There are some interesting aspects of working with a 972-node system on a regular basis. (I hardly ever think of the SC5832 as a 5832-processor system; for the stuff I do it’s more often the number of nodes rather than the number of processors that matters.) For one thing, all of that algorithmic-complexity stuff from college has come back with a vengeance. When n=972, the difference between O(n) and O(n2) can be the difference between four seconds and one hour. Even subtler differences can matter. For example, when I was working on high-availability clusters, eight nodes was about as big as things got. At n=8, the difference between O(log(n)) and O(sqrt(n)) is negligible, and with rounding they’re identical. At n=972, sqrt(n) is approximately three times log(n). When the difference appears in boot-time coordination or data-structure sizing, you really tend to notice.

Besides the obvious difference in timing, algorithmic differences can often determine whether something works at all. The performance vs. load curve for many, if not most, programs tends to peak at some point and then drop (not level off) after that due to various forms of thrashing. Worse, many programs’s behavior will degrade very quickly once they get behind by a certain amount, as code that was only intended to handle transient load spikes gets exercised for a high continuous load. We’ve found several commonly used utilities and libraries that either crash or slow down so much that they might as well have crashed in our environment. Even well-written code usually needs at least a little bit of tweaking to handle the numbers of connections and messages that we can throw at it almost accidentally.

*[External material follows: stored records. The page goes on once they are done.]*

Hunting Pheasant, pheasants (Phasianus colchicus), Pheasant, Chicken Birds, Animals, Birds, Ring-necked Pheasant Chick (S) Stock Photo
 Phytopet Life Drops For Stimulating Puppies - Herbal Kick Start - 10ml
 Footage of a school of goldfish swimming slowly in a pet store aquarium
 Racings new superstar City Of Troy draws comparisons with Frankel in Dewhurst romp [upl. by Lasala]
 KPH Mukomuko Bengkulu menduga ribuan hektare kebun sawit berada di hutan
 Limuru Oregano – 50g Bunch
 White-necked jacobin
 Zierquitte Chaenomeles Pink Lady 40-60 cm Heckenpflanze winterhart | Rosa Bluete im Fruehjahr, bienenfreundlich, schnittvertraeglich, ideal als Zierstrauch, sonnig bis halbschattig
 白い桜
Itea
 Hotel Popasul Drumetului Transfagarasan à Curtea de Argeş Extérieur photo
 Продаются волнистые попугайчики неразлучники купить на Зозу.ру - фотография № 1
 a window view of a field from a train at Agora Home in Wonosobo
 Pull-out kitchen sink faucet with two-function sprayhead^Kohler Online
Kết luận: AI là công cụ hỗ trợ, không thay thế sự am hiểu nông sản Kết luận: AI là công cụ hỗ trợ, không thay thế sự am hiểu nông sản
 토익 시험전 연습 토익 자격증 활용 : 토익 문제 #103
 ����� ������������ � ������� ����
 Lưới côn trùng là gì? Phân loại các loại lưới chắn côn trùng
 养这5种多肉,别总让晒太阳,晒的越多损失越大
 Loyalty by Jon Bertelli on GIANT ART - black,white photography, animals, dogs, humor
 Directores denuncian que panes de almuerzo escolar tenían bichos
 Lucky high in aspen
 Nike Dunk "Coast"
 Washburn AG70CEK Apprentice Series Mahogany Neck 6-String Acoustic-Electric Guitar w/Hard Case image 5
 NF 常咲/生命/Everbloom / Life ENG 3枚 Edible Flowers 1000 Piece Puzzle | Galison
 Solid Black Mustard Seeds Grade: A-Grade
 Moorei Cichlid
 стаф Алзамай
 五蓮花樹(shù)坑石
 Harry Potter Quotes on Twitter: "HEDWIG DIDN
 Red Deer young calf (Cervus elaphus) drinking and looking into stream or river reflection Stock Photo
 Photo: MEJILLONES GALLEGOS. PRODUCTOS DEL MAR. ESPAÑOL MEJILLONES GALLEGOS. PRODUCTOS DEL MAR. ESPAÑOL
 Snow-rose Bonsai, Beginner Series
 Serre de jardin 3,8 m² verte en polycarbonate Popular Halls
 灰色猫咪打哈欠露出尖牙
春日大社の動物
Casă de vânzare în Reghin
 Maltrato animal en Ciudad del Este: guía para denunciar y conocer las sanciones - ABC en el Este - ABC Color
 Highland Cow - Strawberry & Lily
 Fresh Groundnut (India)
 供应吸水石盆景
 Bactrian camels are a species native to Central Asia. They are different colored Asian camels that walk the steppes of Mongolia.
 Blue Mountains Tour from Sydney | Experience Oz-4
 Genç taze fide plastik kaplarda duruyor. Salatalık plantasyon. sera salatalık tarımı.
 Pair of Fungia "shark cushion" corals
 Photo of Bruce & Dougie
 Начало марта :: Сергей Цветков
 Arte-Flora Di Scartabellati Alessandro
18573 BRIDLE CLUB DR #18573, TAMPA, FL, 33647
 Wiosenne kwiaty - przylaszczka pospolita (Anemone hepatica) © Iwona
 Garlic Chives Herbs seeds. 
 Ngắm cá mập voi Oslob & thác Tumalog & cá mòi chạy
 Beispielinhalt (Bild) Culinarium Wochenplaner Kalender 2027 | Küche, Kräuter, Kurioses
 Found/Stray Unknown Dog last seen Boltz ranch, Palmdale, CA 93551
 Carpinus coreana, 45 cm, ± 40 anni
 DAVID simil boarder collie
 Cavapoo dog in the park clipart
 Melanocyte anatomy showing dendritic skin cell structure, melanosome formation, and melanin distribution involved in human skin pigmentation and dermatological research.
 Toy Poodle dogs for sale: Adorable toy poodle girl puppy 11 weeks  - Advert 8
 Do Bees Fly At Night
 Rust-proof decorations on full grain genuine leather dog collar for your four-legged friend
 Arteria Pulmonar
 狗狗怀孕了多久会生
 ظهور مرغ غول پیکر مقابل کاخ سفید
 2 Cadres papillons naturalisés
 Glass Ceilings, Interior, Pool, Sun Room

Another fun difference at this scale is that every single boot of the system exercises your code a thousand times, and in fact might stress some parts (e.g. communications) far more. This means that bugs that happen only one time in a thousand will happen pretty much every time on some node in the system. That means you can reproduce it in under ten minutes, whereas a single machine booting every five minutes would take (on average) nearly four days and in normal usage might take years. This has its downside, especially if one node failing holds up the boot for the rest, but it’s kind of nice in terms of smoking out all those deadlocks and race conditions and stuff inherited from programmers who didn’t know how to avoid them.

Fun fact: my boss has estimated that every time we boot an SC5832 we’re probably booting more Linux-MIPS machines than will be booted that day in the rest of the world. Frightening thought, huh?